→ HOW TO COMPLETE THIS TASK
Each line in the material below, starting at the one with "1945 Germany, British" and ending at the one with "ペットエコ トレッサ横浜店　フロアマップ", is to be reproduced exactly; no picture is to be copied.

→ RECORDS SHOWN

>>>

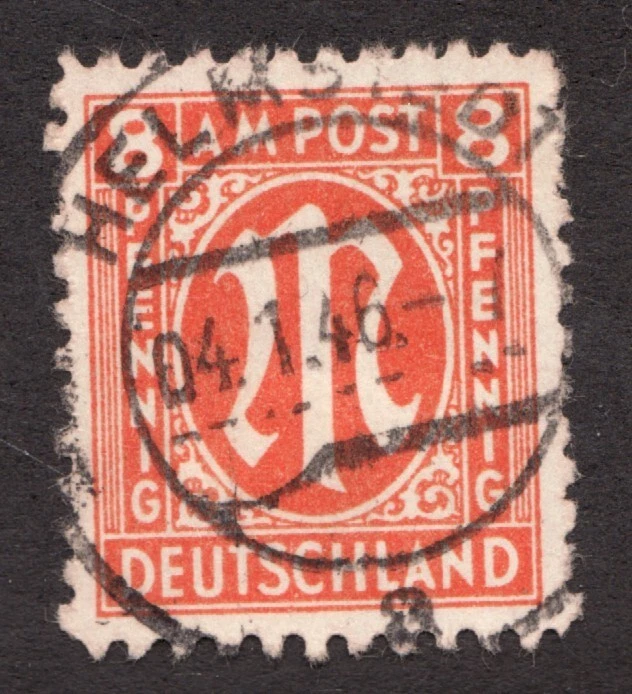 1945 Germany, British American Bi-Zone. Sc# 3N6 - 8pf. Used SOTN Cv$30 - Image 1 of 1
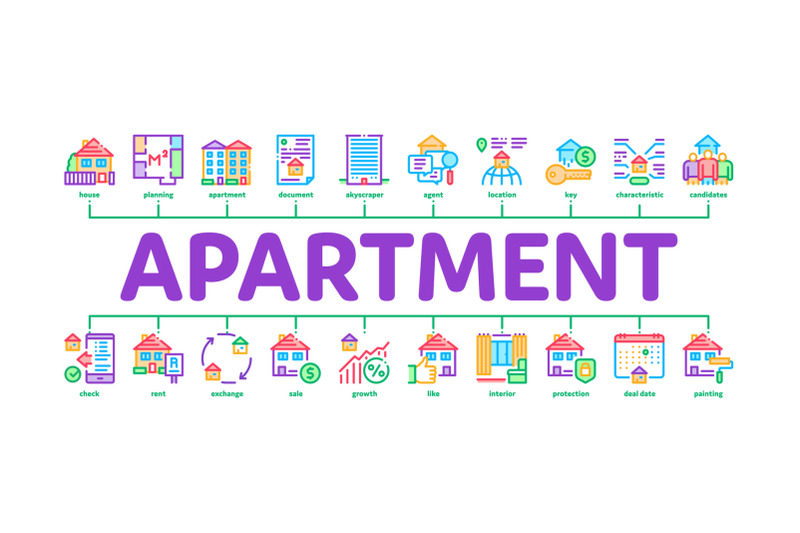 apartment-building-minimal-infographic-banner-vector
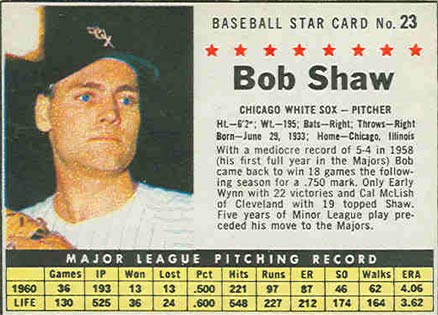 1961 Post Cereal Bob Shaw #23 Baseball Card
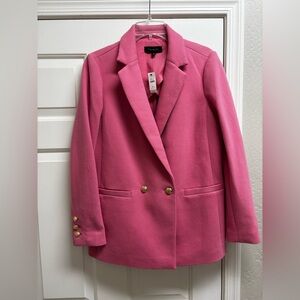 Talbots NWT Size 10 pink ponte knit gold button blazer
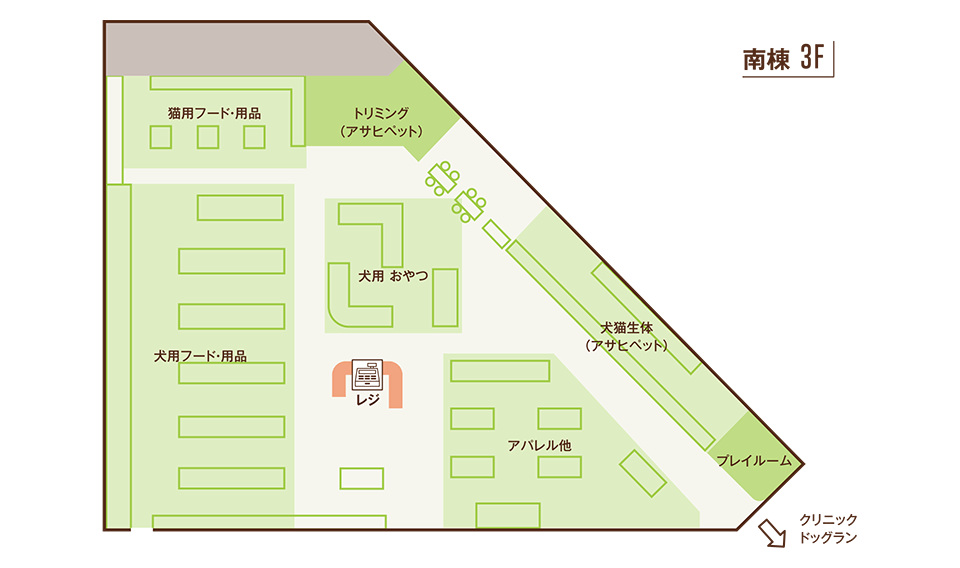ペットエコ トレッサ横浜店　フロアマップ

<<<
>>>

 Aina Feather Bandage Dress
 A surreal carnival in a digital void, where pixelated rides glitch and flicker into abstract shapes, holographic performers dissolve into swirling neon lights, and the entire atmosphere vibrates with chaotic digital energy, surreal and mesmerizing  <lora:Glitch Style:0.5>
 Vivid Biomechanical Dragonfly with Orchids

<<<

→ ANSWER SPACE
 1945 Germany, British American Bi-Zone. Sc# 3N6 - 8pf. Used SOTN Cv$30 - Image 1 of 1
 apartment-building-minimal-infographic-banner-vector
 1961 Post Cereal Bob Shaw #23 Baseball Card
 Talbots NWT Size 10 pink ponte knit gold button blazer
ペットエコ トレッサ横浜店　フロアマップ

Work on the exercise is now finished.